### About this exercise
Would you restate all the data that follows, word for word?
Exercise data: Begin
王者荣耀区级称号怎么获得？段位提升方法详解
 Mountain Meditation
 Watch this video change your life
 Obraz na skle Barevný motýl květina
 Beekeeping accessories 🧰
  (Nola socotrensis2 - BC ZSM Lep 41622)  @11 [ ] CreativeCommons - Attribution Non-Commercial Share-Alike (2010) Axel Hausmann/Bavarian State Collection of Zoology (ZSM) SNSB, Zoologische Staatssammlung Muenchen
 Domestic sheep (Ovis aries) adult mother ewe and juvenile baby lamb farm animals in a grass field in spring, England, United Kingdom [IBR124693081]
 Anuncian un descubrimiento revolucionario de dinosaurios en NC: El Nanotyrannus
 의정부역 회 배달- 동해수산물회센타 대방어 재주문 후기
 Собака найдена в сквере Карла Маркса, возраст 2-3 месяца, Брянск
Exercise data: End
### Exercise answer
王者荣耀区级称号怎么获得？段位提升方法详解
 Mountain Meditation
 Watch this video change your life
 Obraz na skle Barevný motýl květina
 Beekeeping accessories 🧰
  (Nola socotrensis2 - BC ZSM Lep 41622)  @11 [ ] CreativeCommons - Attribution Non-Commercial Share-Alike (2010) Axel Hausmann/Bavarian State Collection of Zoology (ZSM) SNSB, Zoologische Staatssammlung Muenchen
 Domestic sheep (Ovis aries) adult mother ewe and juvenile baby lamb farm animals in a grass field in spring, England, United Kingdom [IBR124693081]
 Anuncian un descubrimiento revolucionario de dinosaurios en NC: El Nanotyrannus
 의정부역 회 배달- 동해수산물회센타 대방어 재주문 후기
 Собака найдена в сквере Карла Маркса, возраст 2-3 месяца, Брянск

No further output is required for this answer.